- Poster
- Directed by: Aribam Syam Sharma
- Written by: M. K. Binodini Devi
- Produced by: Sh. Tomchou Singh Forest Department, Government of Manipur
- Cinematography: Ph. Saratchandra Sharma A. Chitreshwar Sharma
- Edited by: Ujjal Nandy
- Music by: Aribam Syam Sharma Sound: A. Shantimo Sharma N. Dilip
- Production company: Manipur Film Development Corporation (MFDC) Limited
- Release date: 1993;
- Running time: 24 minutes
- Country: India
- Language: Meiteilon (officially called Manipuri language)

= Orchids of Manipur (film) =

Orchids of Manipur (Meiteilon: Manipurgi Urei) is a 1993 non-feature Manipuri film scripted by M. K. Binodini Devi and directed by Aribam Syam Sharma. It was produced by Sh. Tomchou Singh under the banner of Manipur Film Development Corporation (MFDC) Limited. The film was screened at the second edition of Fragrances from the North East 2014, a three-day festival of cinema from the northeast.

It was screened at the Yamagata International Documentary Film Festival 2019, Japan. The film also participated in International Wildlife Film Festival 1994, Morocco.

In 2025, the digitally remastered version of the film was selected for screening at the 7th Manipur Sangai Film Festival.

==Synopsis==
The film is a journey through the rich forests of Manipur that are home to beautiful varieties of orchids.
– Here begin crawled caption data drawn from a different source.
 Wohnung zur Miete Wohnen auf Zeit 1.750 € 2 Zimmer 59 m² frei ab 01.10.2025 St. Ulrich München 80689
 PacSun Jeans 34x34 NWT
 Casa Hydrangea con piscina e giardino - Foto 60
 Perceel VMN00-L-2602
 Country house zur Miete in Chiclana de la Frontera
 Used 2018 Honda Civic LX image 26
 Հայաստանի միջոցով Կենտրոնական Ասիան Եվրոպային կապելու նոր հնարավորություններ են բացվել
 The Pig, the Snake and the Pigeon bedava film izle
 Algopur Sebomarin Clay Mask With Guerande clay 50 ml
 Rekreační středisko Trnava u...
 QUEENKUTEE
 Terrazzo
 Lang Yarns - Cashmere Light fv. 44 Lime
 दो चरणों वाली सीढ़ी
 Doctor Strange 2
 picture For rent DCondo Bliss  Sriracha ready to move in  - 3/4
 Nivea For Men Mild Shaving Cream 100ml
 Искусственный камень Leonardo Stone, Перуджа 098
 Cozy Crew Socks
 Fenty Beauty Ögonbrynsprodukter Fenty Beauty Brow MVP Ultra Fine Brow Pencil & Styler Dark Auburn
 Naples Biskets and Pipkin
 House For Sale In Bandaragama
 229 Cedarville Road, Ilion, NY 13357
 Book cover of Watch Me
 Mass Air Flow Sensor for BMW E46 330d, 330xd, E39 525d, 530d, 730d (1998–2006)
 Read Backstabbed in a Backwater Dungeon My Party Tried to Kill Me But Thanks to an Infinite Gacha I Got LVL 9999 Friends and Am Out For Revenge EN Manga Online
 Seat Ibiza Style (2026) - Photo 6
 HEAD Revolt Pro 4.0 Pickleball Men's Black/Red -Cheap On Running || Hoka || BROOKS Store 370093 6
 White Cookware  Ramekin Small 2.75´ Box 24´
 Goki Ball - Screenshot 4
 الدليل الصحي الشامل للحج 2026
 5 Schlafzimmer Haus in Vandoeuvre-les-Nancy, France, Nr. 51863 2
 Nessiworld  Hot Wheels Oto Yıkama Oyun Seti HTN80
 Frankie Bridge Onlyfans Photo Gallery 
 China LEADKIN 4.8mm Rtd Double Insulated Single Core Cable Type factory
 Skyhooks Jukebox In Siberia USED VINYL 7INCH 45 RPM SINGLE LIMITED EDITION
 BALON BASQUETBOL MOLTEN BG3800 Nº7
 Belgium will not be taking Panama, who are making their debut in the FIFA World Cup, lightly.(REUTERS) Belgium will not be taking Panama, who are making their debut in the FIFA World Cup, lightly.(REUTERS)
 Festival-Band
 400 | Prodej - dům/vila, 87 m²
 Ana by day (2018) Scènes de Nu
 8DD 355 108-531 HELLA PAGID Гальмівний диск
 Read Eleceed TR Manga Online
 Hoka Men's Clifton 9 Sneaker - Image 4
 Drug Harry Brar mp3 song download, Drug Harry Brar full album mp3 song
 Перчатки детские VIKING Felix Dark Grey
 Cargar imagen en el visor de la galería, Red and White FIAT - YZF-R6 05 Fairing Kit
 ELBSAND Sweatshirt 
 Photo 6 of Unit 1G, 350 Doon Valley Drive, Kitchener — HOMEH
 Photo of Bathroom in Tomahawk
Over four hundred species have been identified so far, and some of them are found exclusively in Manipur. The soil and climate of Manipur are very conducive to the growth of orchids and seventy percent of the varieties of orchids available in South-East Asia are found in Manipur. The Manipuri varieties are very popular and much in demand all over the world. In Manipuri culture, the orchids are not ordinary flowers and are loved, cared for and respected.

However, in recent years, due to heavy deforestation, these flowers have been adversely affected and some of the major species are threatened with extinction. The Forst Department of the Government of Manipur is taking steps for the preservation of the orchids.

==Accolades==
The film won the National Film Award for Best Non-Feature Environment/Conservation/Preservation Film at the 41st National Film Awards. The citation for the National Award reads, "For a colourful and extremely aesthetic presentation of the exalting abundance of the wild orchids of Manipur".